Why it stands out:  Elliot.  He is as lovable and charming as he is emotionally conflicted and flawed.  We meet him as a sweet, precocious boy growing up in Harlem with his young, single mother, an ill-equipped parent who suffers from a co-dependency on a string of deadbeat-boyfriends.  As we jump forward to Elliot’s adult years, his strained relationship with his mother and deeply rooted childhood fears and dreams continue to play a role in how he pursues love.   How else do I put it, I’ve never seen as real of a depiction of a ‘gay cholo’.  I enjoyed the romantic dalliances – especially the steamy love scenes, the old school mano-a-mano fights on the street, and the drama that while zany, eschews any of the flamboyant queen diva archetypes or melodrama we’ve seen associated with gays before.   Like Mosquita y Mari (next on the list) the gay Latino niche has huge potential.  For years, gay representation has been relegated to background or one dimensional characters, or lead roles in a serious coming out/AIDs dramas.  But what about mainstream genres like romantic comedies?   When a film like Elliot Loves comes around, no wonder it is fiercely celebrated by the gay community and film festival circuit.  At the end of the day though, the storyline’s universal resonance (looking for love) is what hits a chord with gay AND straight audiences alike.

Trailer:

Where to see it now:  Elliot Loves sold for worldwide distribution to TLA last May.  Thanks to the successful Kickstarter campaign during production, distributors had been tracking the film early on. Now available on DVD, Amazon and iTunes!  A major cable broadcast expected Summer 2013 followed by Netflix debut.  You can also request a screening at your local theater through Tugg.
"Mosquita"
“Mosquita”

2. Mosquita y Mari – written and directed by Aurora Guerrero (Chicana from the Bay, film shot in LA)

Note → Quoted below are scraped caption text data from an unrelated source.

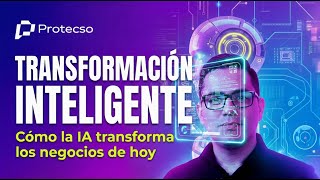 PROTECSO AI TALKS | Construyendo la transformación inteligente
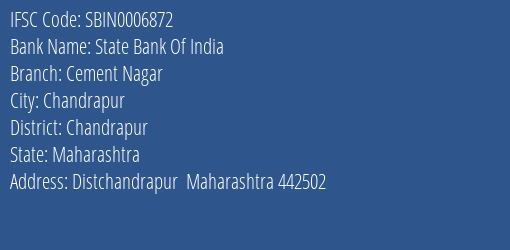 State Bank Of India Cement Nagar Branch Chandrapur IFSC Code SBIN0006872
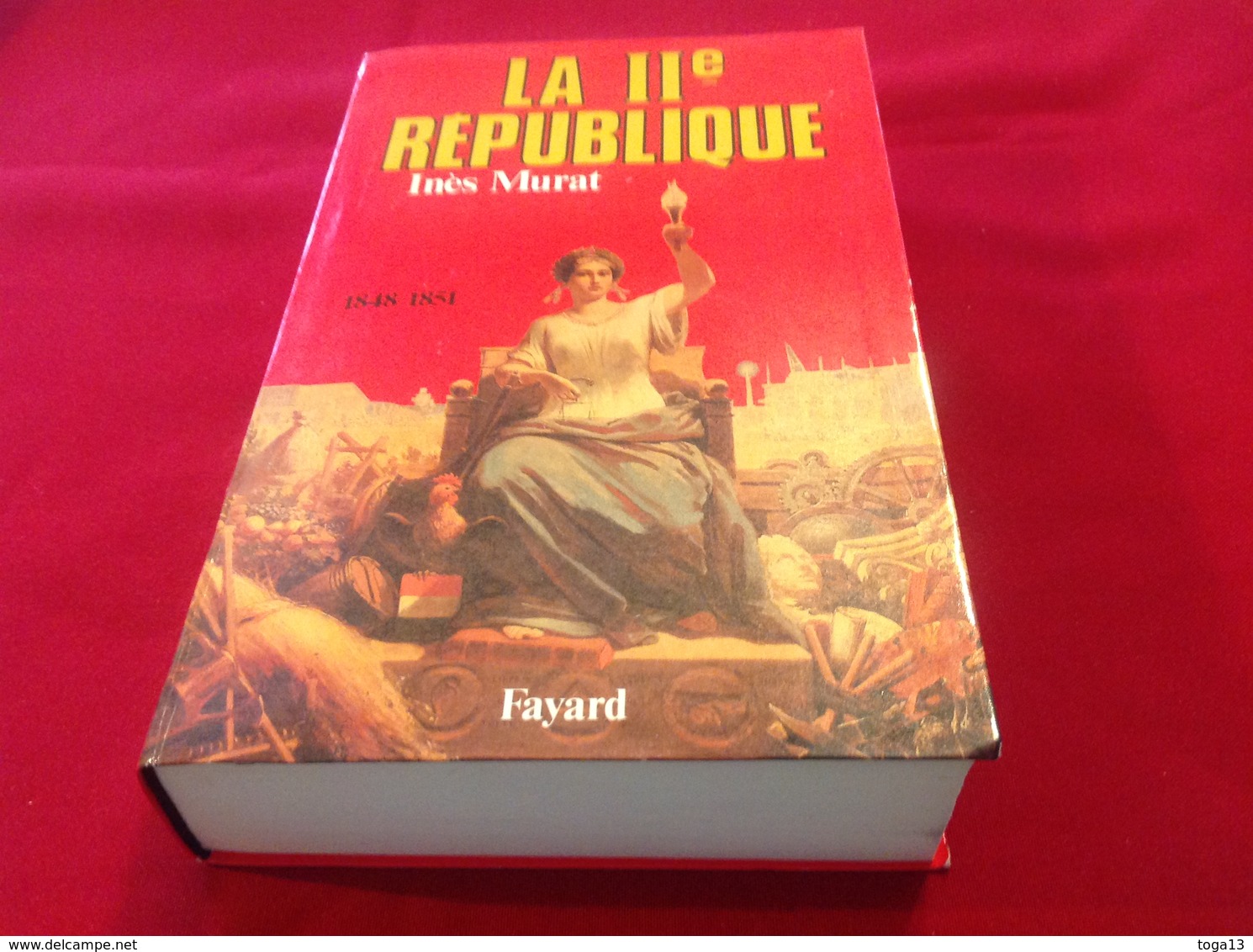 1987, LA IIe RÉPUBLIQUE PAR INÈS MURAT, ÉDITIONS FAYARD - Histoire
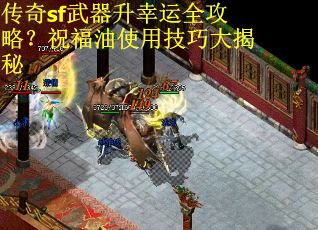 传奇sf武器升幸运全攻略?祝福油使用技巧大揭秘 传奇sf武器升幸运全攻略?祝福油使用技巧大揭秘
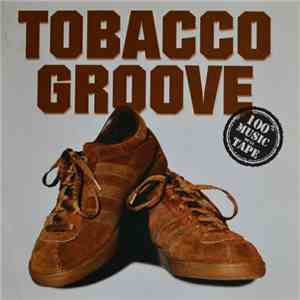 Soul Brother Zantz - Tobacco Groove download free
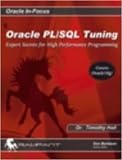 Oracle PL/SQL Tuning
 Expert Secrets for High Performance Programming (Oracle In-Focus),
Timothy Hall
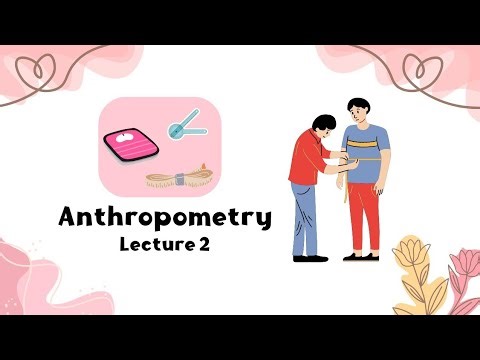 Test & Measurements Lecture 2 "Antropometry"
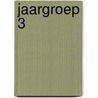 Jaargroep 3 by Unknown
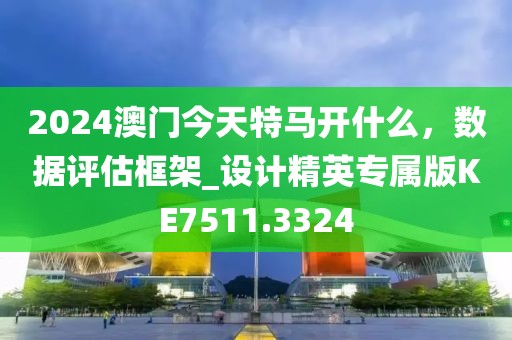 2024澳门今天特马开什么，数据评估框架_设计精英专属版KE7511.3324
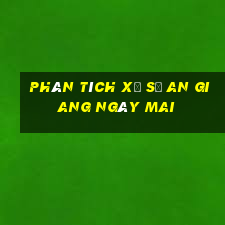 Phân tích xổ số an giang Ngày mai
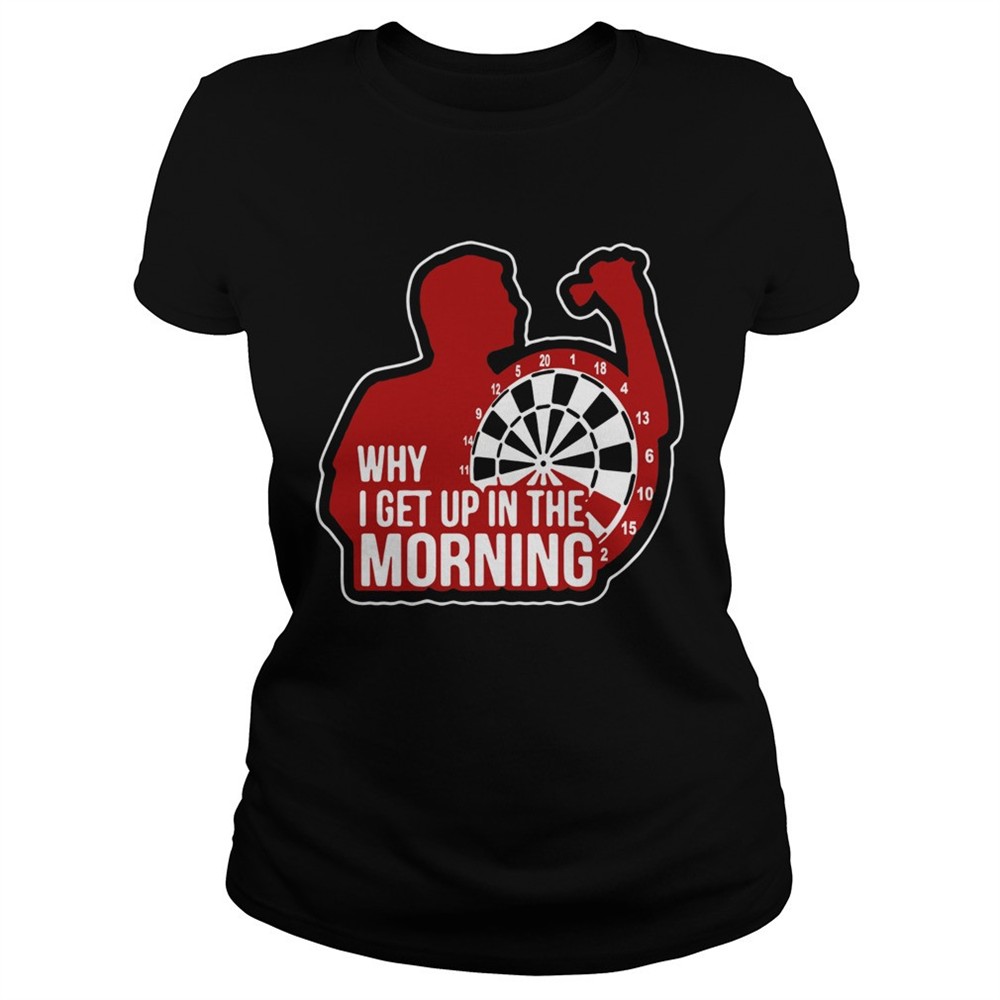 darts-why-i-get-up-in-the-morning-shirt-d46woll7 Darts Why I Get Up In The Morning shirt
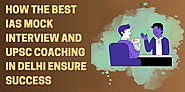 How the Best IAS Mock Interview and UPSC Coaching in Delhi Ensure Success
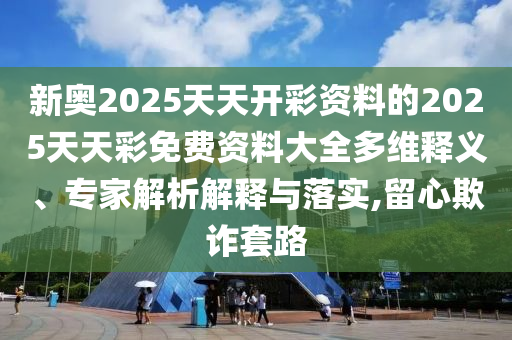 新奧2025天天開彩資料的2025天天彩免費(fèi)資料大全多維釋義、專家解析解釋與落實(shí),留心欺詐套路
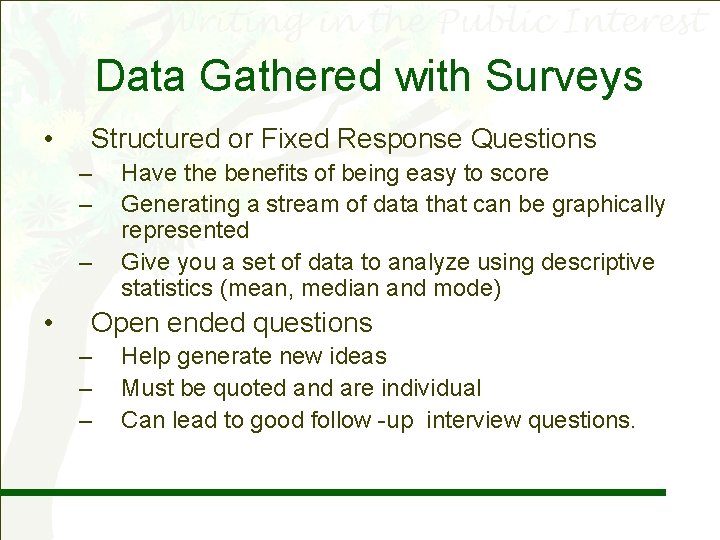 Data Gathered with Surveys • Structured or Fixed Response Questions – – – •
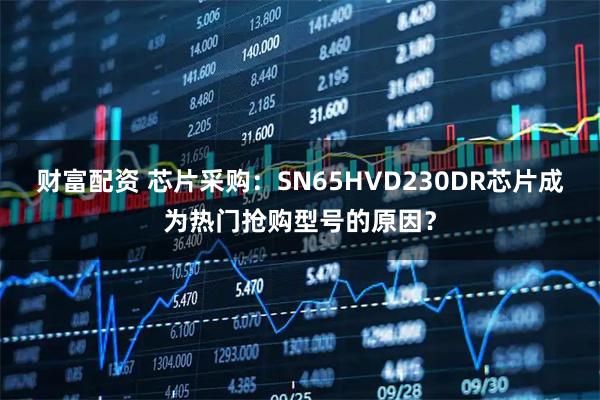 财富配资 芯片采购：SN65HVD230DR芯片成为热门抢购型号的原因？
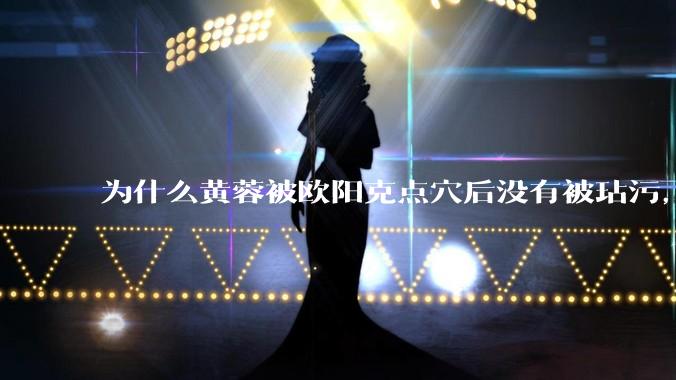 为什么黄蓉被欧阳克点穴后没有被玷污，而小龙女被点穴后被甄志丙毁了清白？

Festivals: A whopping 110 festivals, both mainstream and queer including Sundance (world premiere), San Francisco International, Seattle, Sarasota, Melbourne, Sao Paolo….

Why it stands out:  I’ve long wanted to articulate that extra magical ingredient and feeling you get when you watch something and find it so incredibly in tune with a part of you.  As a first generation Mexican-American I find many of these moments related in Mosquita y Mari.  The log line seems simple enough; Two high school Chicanas, one square, one street, make friends and come of age in LA.   The palpable emotion and sensitivity in portraying adolescent romance, sexual impulses and tensions with parents who shoulder you with the heavy pressure of achieving a better life on behalf of all your ancestors, drives the heart and veracity of the story. The way they talk, look, the music they listen to, is all me.  I’m sure I’m not the only chicanita who feels that way either.  When film speaks to you on a specific level – it’s a wonderful feeling of connectedness. Again, early awareness helps; Guerrero worked on getting this film made for several years, reaching out and applying to as many non-profit partners for assistance, including Sundance Institute’s Native Screenwriters lab and San Francisco Film Society’s robust year round Filmmaker grants.  Combined with her Kickstarter campaign launched while finishing production, the film attracted attention early on, making it easier for film festivals to track.  Guerrero is currently at work with her next feature, Los Valientes which recently obtained a grant from San Francisco Film Society.

"Mari"
“Mari”

Where to see it now: DVD/internet/broadcast rights sold to Wolfe Releasing earlier this year.  Let the filmmakers know you want to see it!  Express your interest on their film site to purchase a DVD  (late 2013) and or request a screening of the film near you.  This information will help their ongoing self-release theatrical strategy in partnership with Film Collaborative a non-profit film distribution/consultant outfit catering to specialty releases that is helping the film book theaters and educational outlets.  HBO broadcast also in the future late 2013.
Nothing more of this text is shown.